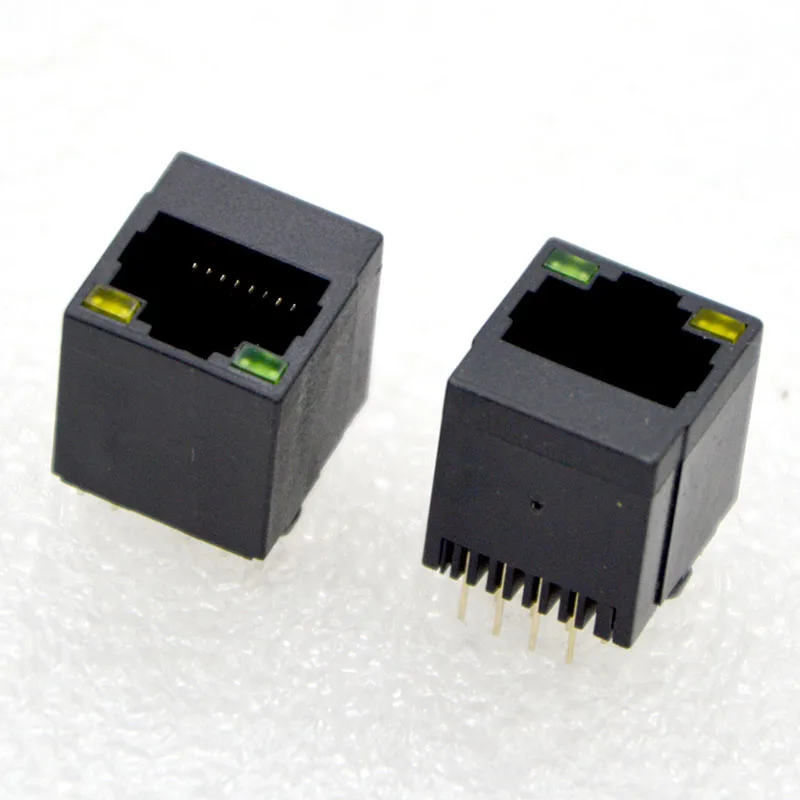 100 шт. новый сетевой соединитель пластиковая вертикальная лампа RJ45 5224 Женский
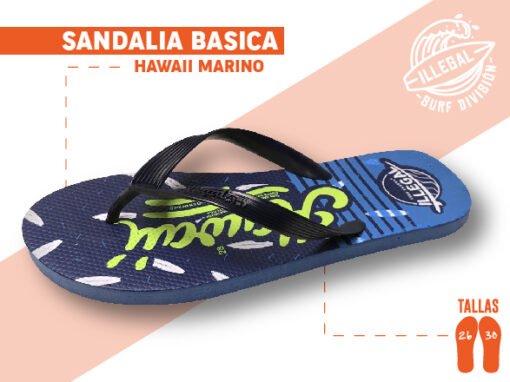 Sandalia Hawaii Marino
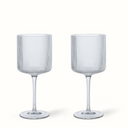 Ripple red wine glasses, set/2, clear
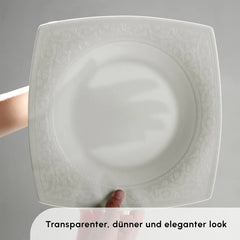 Karaca Fine Pearl Roma 58-Teiliges 12-Personen Geschirrset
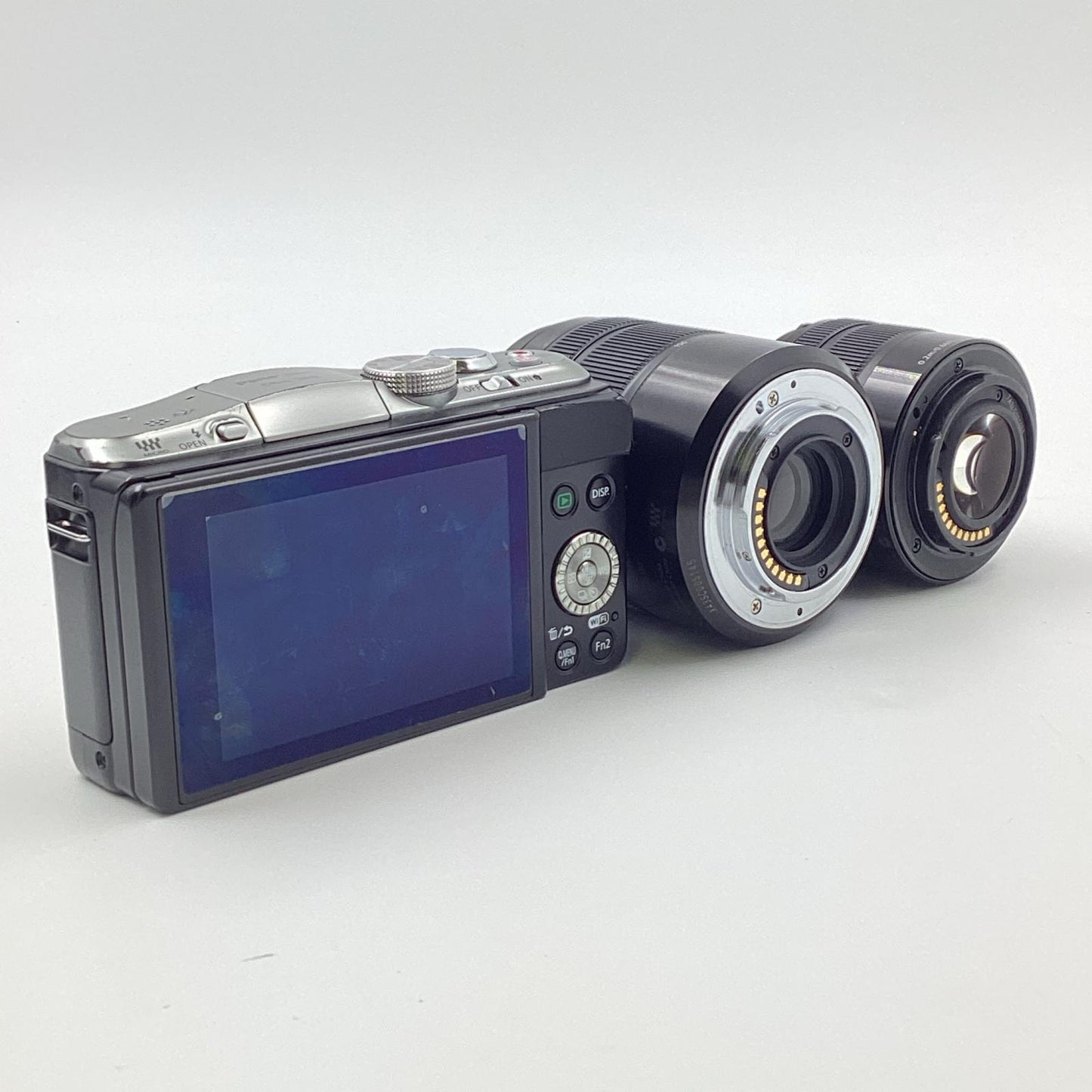 【全額返金保証】【最速発送】Panasonic デジタル一眼 LUMIX DMC-GF6W-K ダブルズームレンズキット [ブラック] 動作確認済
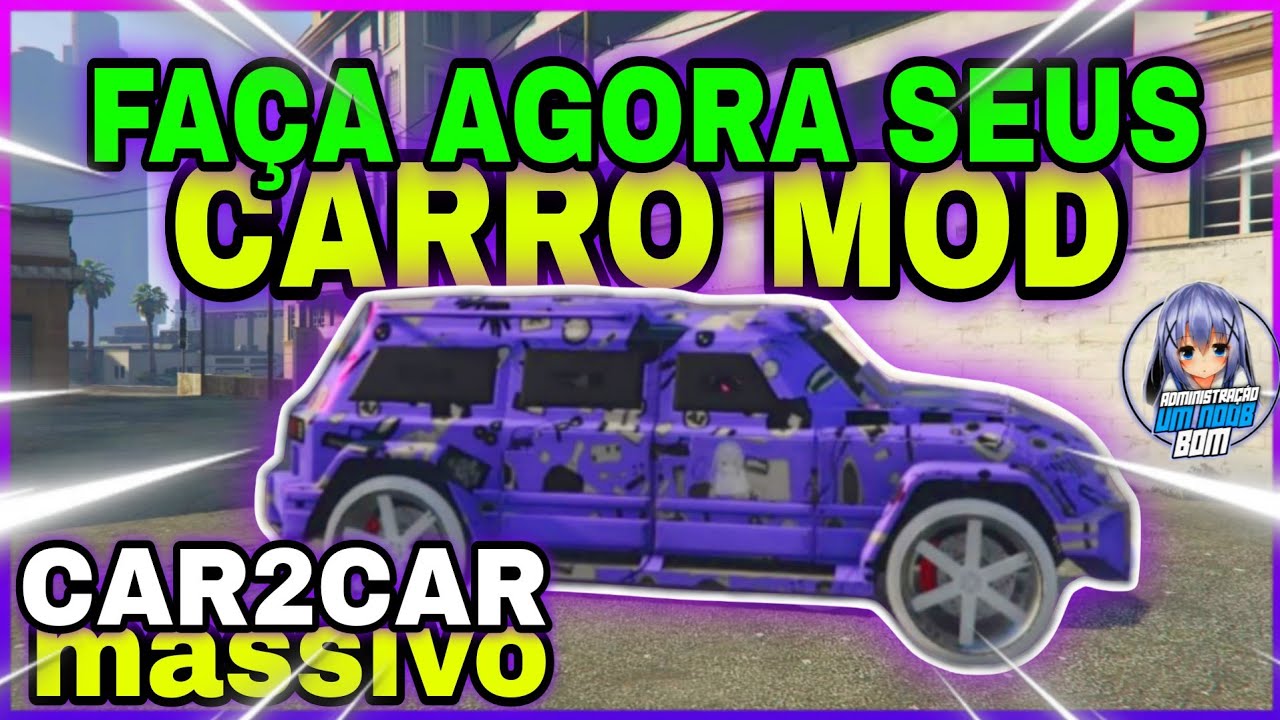 *NOVO* COMO FAZER CARRO MOD EM 5 MINUTOS (GTA ONLINE MERGE GLITCH) CAR 2 CAR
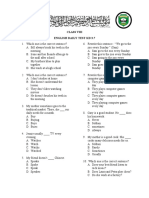 Class Viii English Daily Test KD 3.7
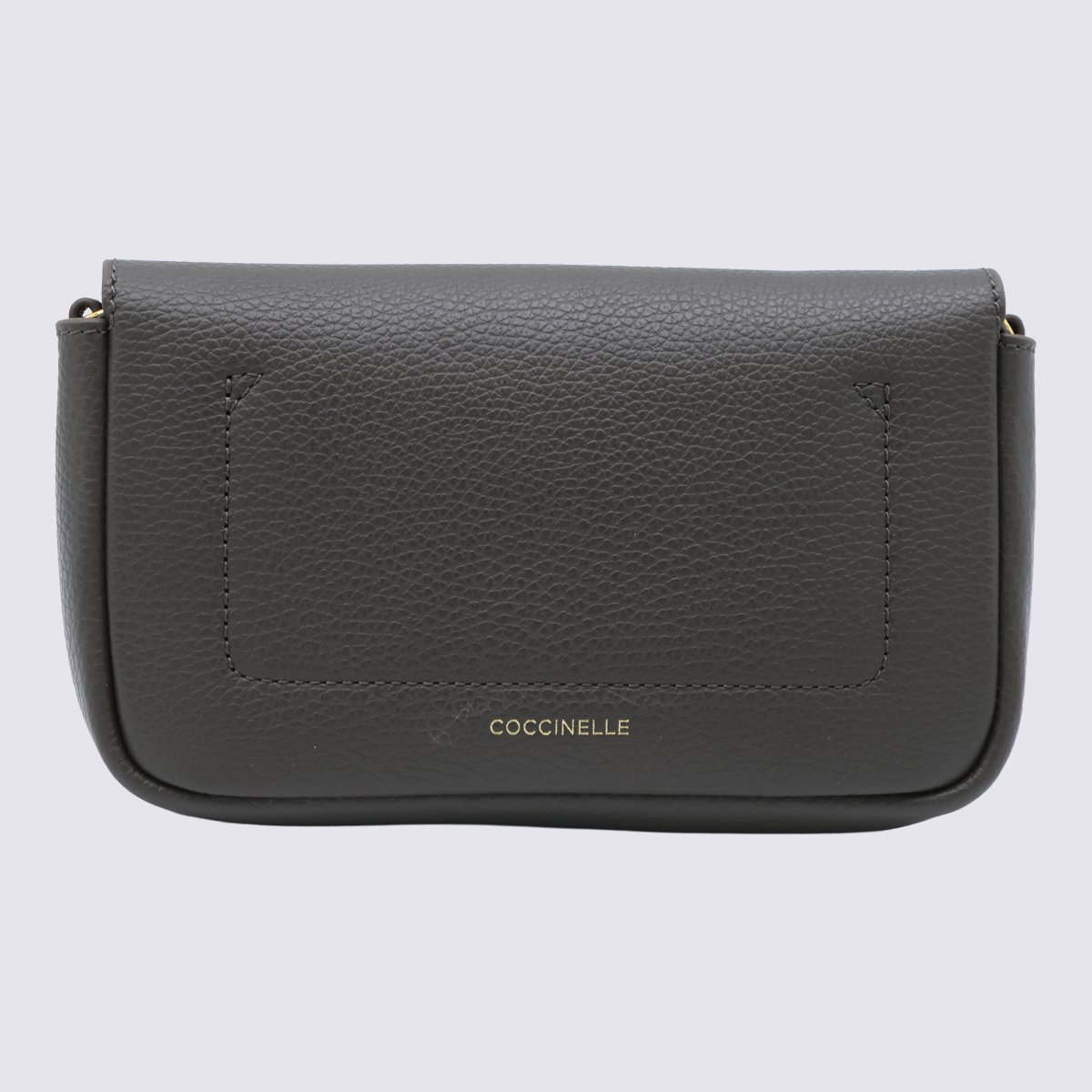 Pebbled Texture Crossbody Bag with Decorative Closure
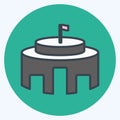 Icon Diplomatic Building. suitable for Community symbol. color mate style. simple design editable. design template vector. simple
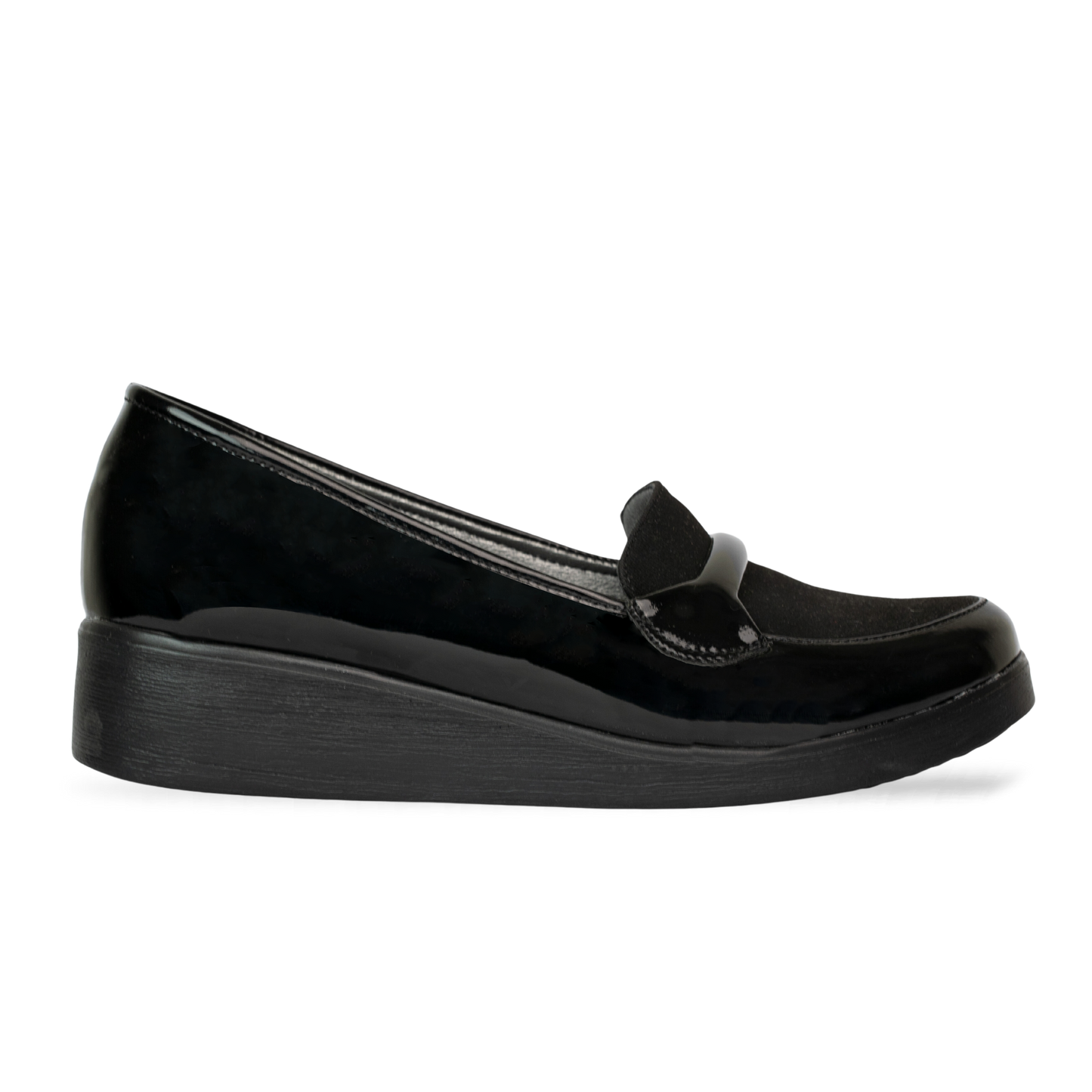 Hélène : Mocassin Femme Noir Vernis - Léa & Paul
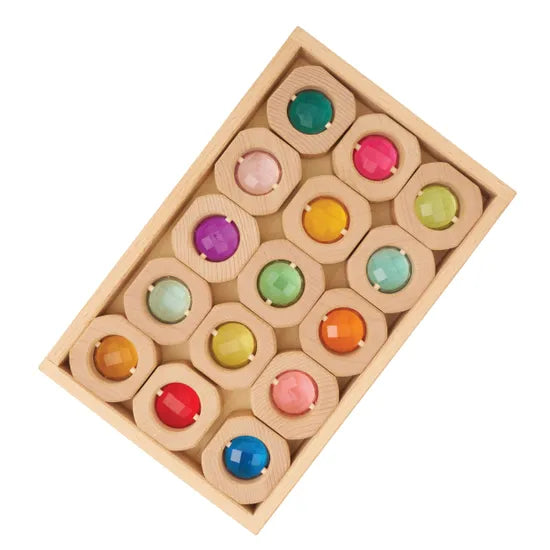 Rainbow Window Block Set - 15 pieces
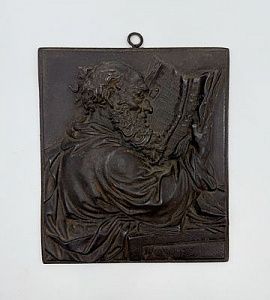 (П) Леонард Пош (Posch Leonard, 1750-1831)- автор модели - Барельеф. Ученый - Апостол Иоанн ...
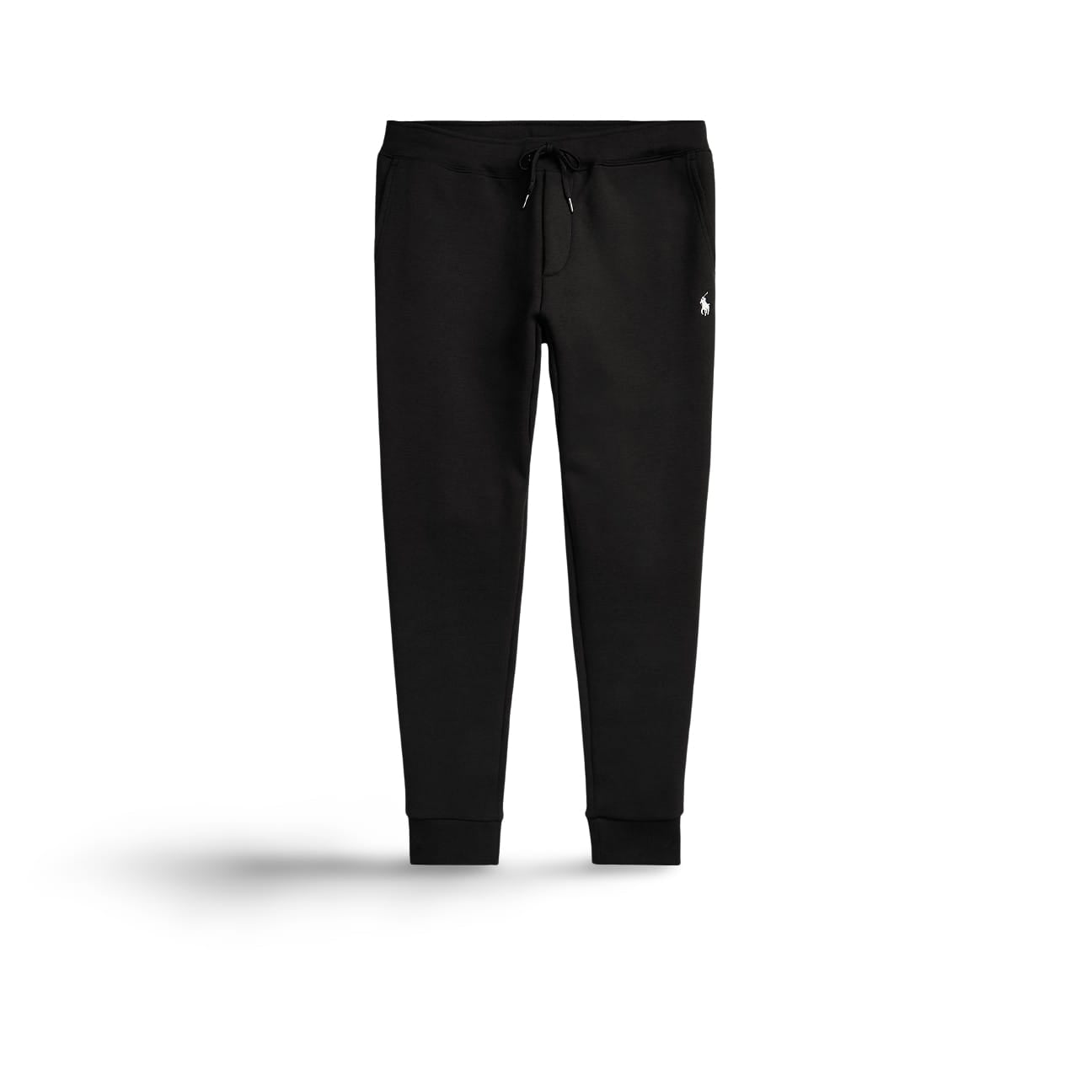 POLO RALPH LAUREN Pantaloni uomo da jogging a maglia doppia Nero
----------
Starting at the line that holds "Rainbow Window Block Set - 15 pieces", copy each line exactly through the end of the material above, keeping both ends and dropping the pictures.

 Rainbow Window Block Set - 15 pieces
 (П) Леонард Пош (Posch Leonard, 1750-1831)- автор модели - Барельеф. Ученый - Апостол Иоанн ...
 POLO RALPH LAUREN Pantaloni uomo da jogging a maglia doppia Nero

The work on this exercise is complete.